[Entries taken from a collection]
*** Block opens ***

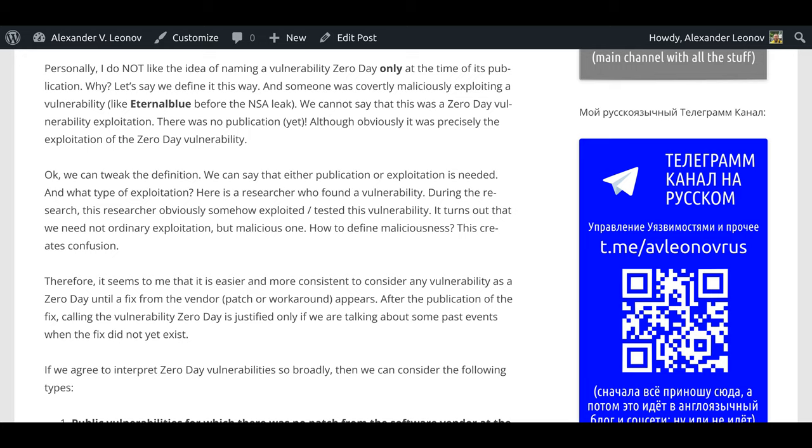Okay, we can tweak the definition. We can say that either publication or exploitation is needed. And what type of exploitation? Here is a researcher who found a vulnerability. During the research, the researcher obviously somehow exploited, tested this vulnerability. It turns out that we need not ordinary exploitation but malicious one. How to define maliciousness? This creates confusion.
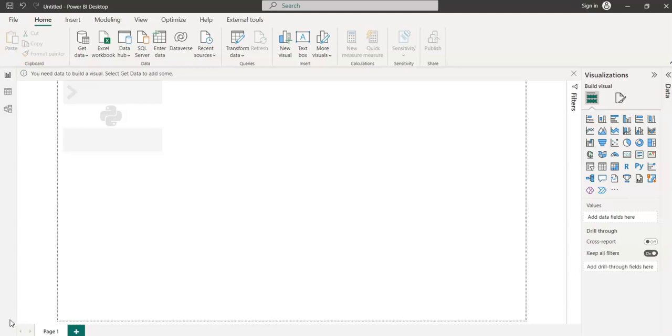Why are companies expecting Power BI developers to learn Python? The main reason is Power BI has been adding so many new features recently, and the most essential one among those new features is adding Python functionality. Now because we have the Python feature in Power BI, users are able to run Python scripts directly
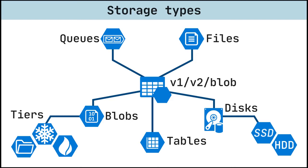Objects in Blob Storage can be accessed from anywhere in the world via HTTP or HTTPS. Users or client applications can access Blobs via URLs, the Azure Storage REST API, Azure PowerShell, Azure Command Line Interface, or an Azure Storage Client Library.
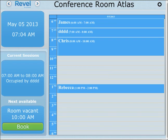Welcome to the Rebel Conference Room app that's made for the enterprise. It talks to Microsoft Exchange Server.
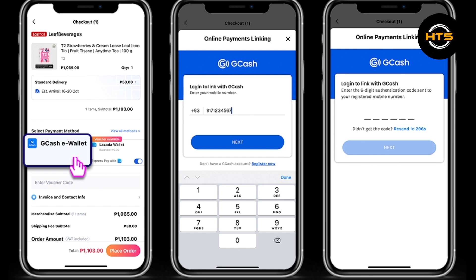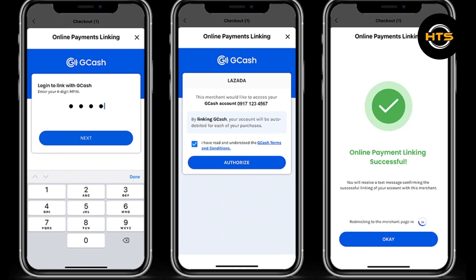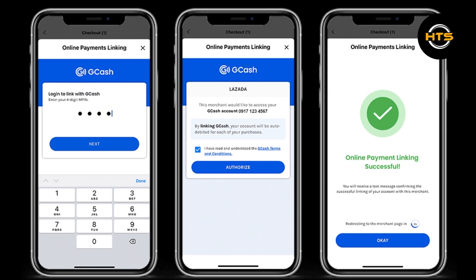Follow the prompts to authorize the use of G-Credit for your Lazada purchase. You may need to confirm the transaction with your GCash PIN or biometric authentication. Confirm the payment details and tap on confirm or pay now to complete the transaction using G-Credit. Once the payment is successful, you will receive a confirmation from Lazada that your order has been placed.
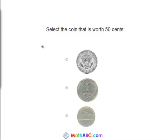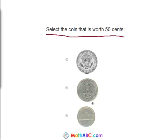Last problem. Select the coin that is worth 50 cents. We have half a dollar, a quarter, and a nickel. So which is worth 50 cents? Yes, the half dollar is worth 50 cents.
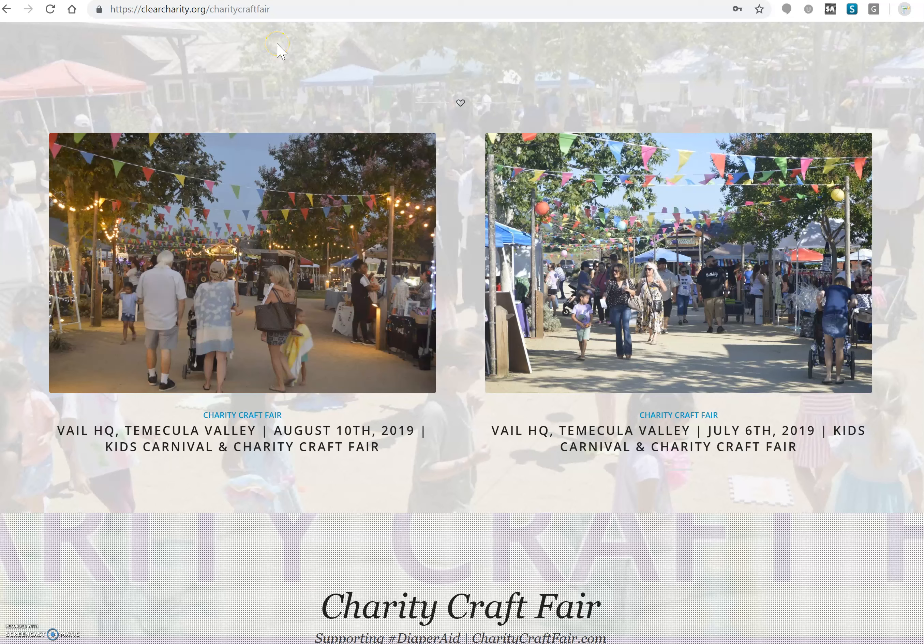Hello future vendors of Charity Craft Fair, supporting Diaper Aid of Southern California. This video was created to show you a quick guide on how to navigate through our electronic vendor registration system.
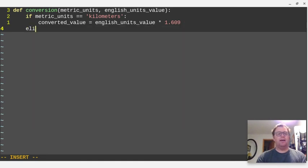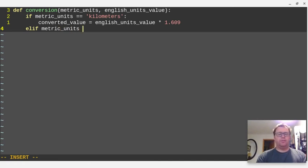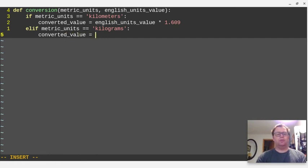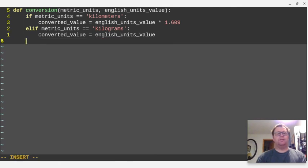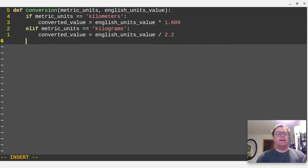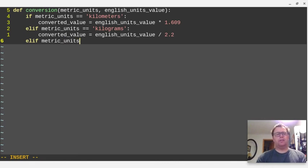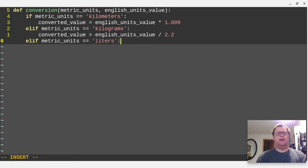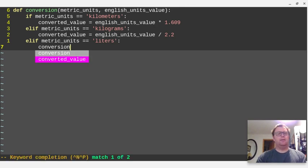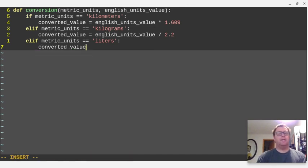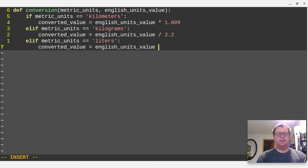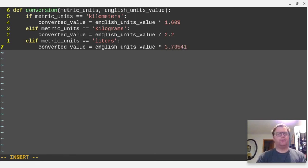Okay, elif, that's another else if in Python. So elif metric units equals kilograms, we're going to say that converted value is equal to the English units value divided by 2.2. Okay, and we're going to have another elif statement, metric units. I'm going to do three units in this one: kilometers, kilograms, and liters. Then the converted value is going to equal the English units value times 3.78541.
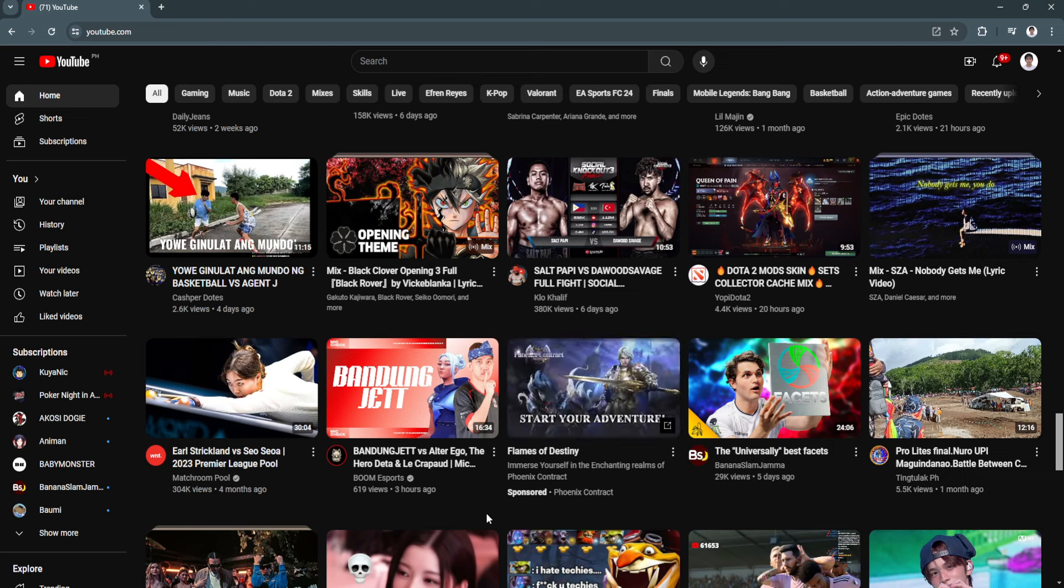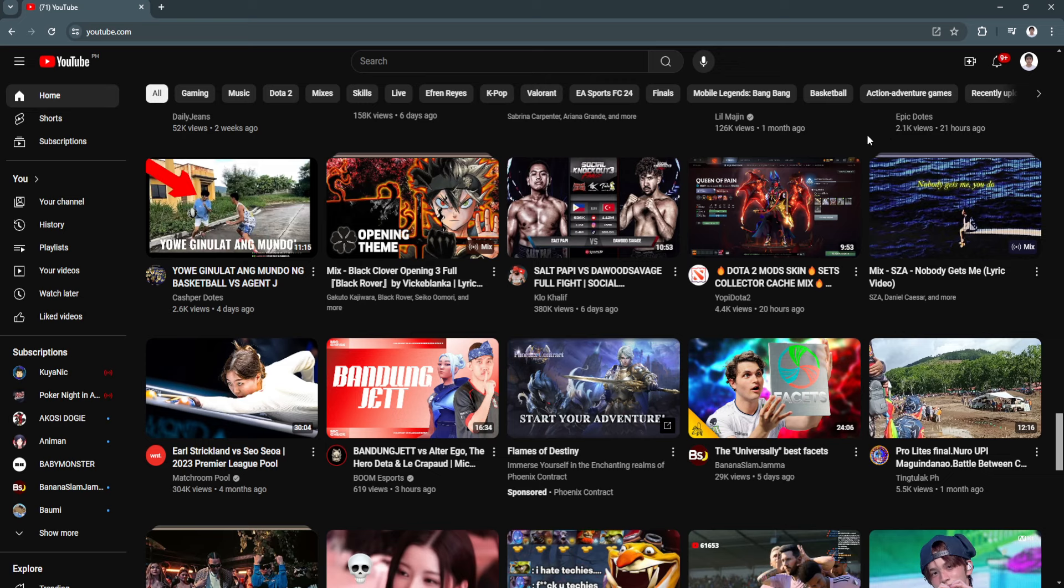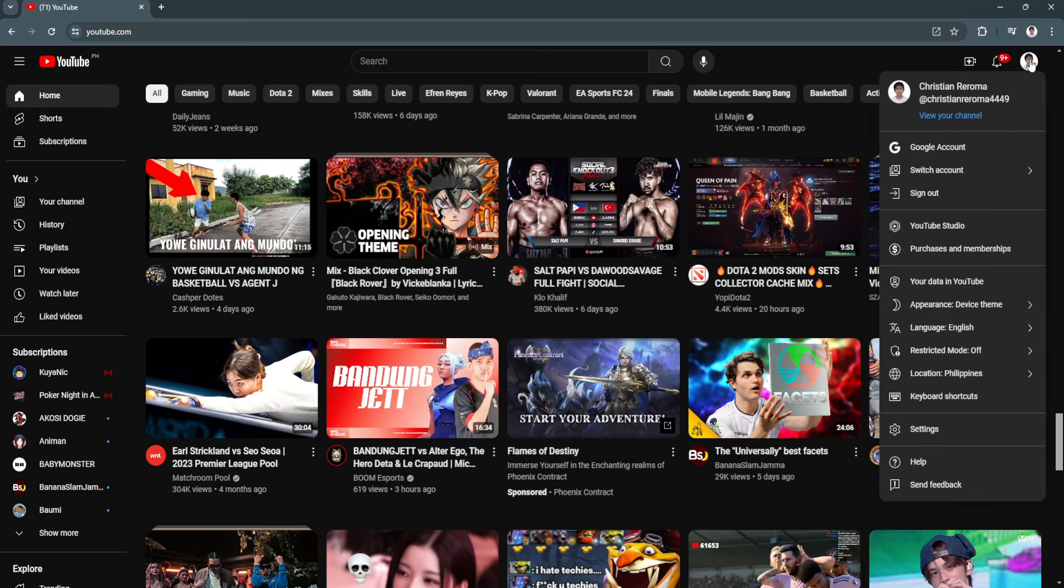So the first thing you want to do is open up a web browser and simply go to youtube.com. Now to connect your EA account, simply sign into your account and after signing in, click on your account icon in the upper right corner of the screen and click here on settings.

*** Block closes ***

### [What the task requires]
Leave out every picture, and write out exactly the lines from the one with "Okay, elif, that's" through the end of the records above, both ends included.

### [Exercise solution]
Okay, elif, that's another else if in Python. So elif metric units equals kilograms, we're going to say that converted value is equal to the English units value divided by 2.2. Okay, and we're going to have another elif statement, metric units. I'm going to do three units in this one: kilometers, kilograms, and liters. Then the converted value is going to equal the English units value times 3.78541.
So the first thing you want to do is open up a web browser and simply go to youtube.com. Now to connect your EA account, simply sign into your account and after signing in, click on your account icon in the upper right corner of the screen and click here on settings.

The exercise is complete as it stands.